> **Action item**:
Pictures don't belong in the copy; print all the records exactly.

> **Data to process**:
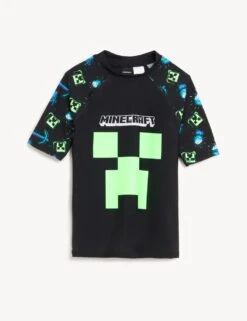 Minecraft™ Rash Vest (6-16 Yrs) -School Uniform Store SD 04 T87 7273W Y4 X EC 90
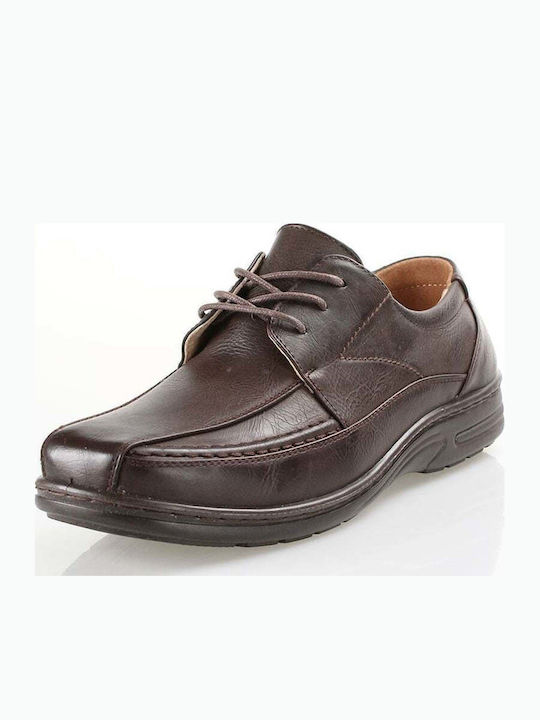 Men's Synthetic Leather Casual Shoes Brown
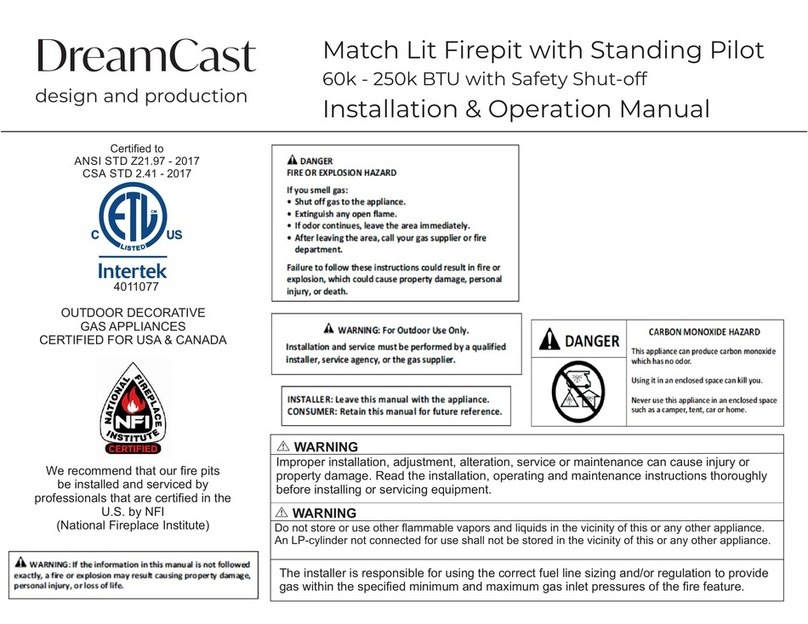 DreamCast AURA36-CFB60 Installation & operation manual DreamCast AURA36-CFB60 Installation & operation manual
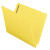 Smead End Tab Folders, Letter Size, 11pt, 2-Ply, Two Fastners [F13], Yellow, 50/Box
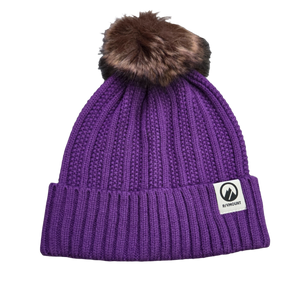 Ladies Purple Winter Hat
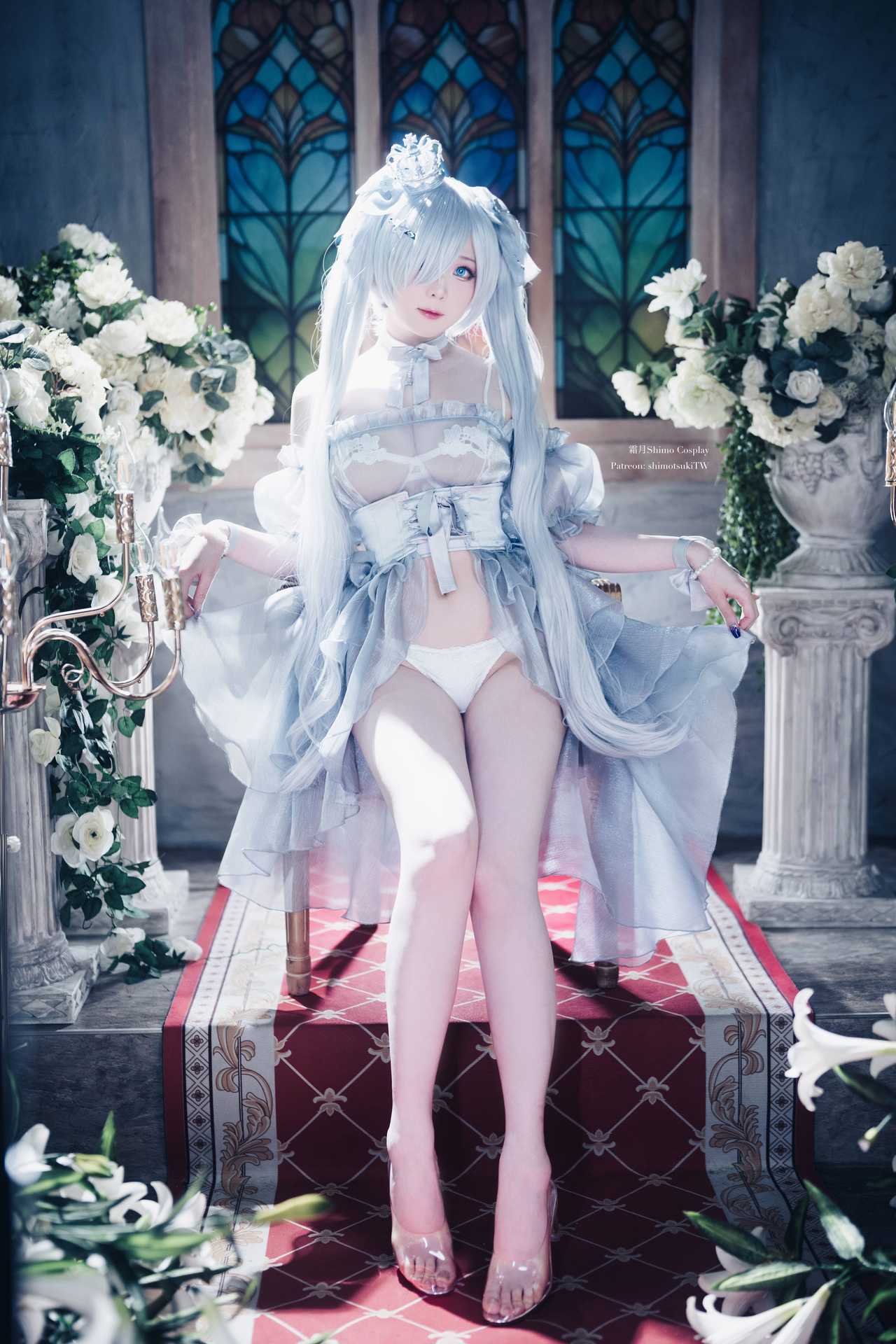 霜月shimo cosplay Cinderella – NIKKE “22 photos”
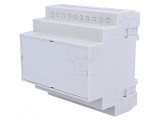 Carcasă pentru șină DIN, polistiren gri 90x87x65mm, KRADEX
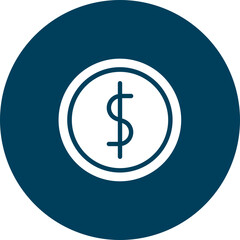 Dollar Symbol Vector Icon Design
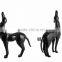 Fiberglass dog mannequin,black mannequin manikin dog G3-BK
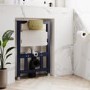 Matt Black Wall Hung Smart Bidet Japanese Toilet & 820mm Frame Cistern with Brushed Brass Pneumatic Flush Plate - Purificare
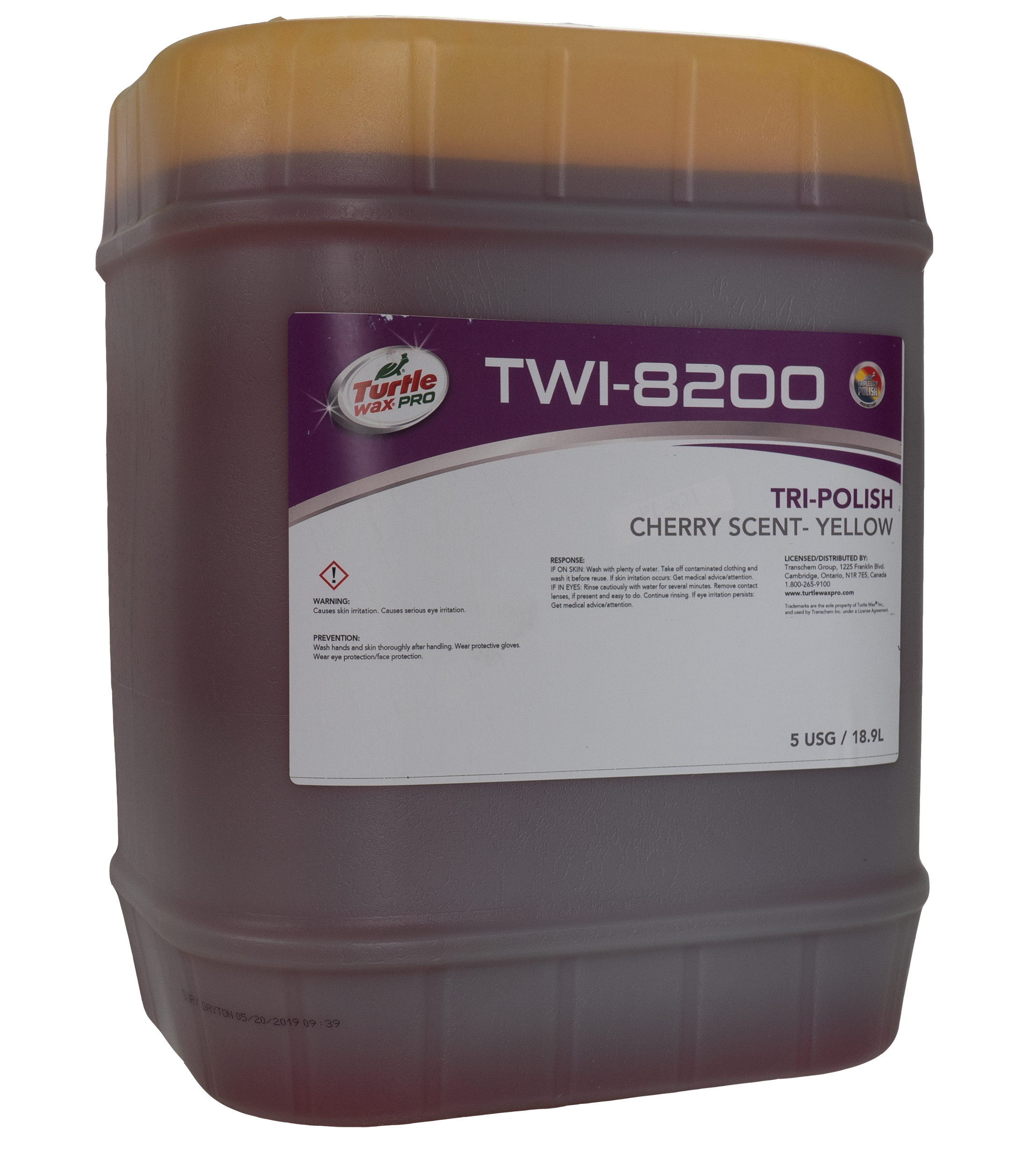 TWI 8200 - Turtle Wax® Pro Tri-Polish with Cherry Scent, Yellow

> **Output**:
 Minecraft™ Rash Vest (6-16 Yrs) -School Uniform Store SD 04 T87 7273W Y4 X EC 90
 Men's Synthetic Leather Casual Shoes Brown
 DreamCast AURA36-CFB60 Installation & operation manual DreamCast AURA36-CFB60 Installation & operation manual
 Smead End Tab Folders, Letter Size, 11pt, 2-Ply, Two Fastners [F13], Yellow, 50/Box
 Ladies Purple Winter Hat
 霜月shimo cosplay Cinderella – NIKKE “22 photos”
 Carcasă pentru șină DIN, polistiren gri 90x87x65mm, KRADEX
 Dollar Symbol Vector Icon Design
 Fiberglass dog mannequin,black mannequin manikin dog G3-BK
 Matt Black Wall Hung Smart Bidet Japanese Toilet & 820mm Frame Cistern with Brushed Brass Pneumatic Flush Plate - Purificare
 TWI 8200 - Turtle Wax® Pro Tri-Polish with Cherry Scent, Yellow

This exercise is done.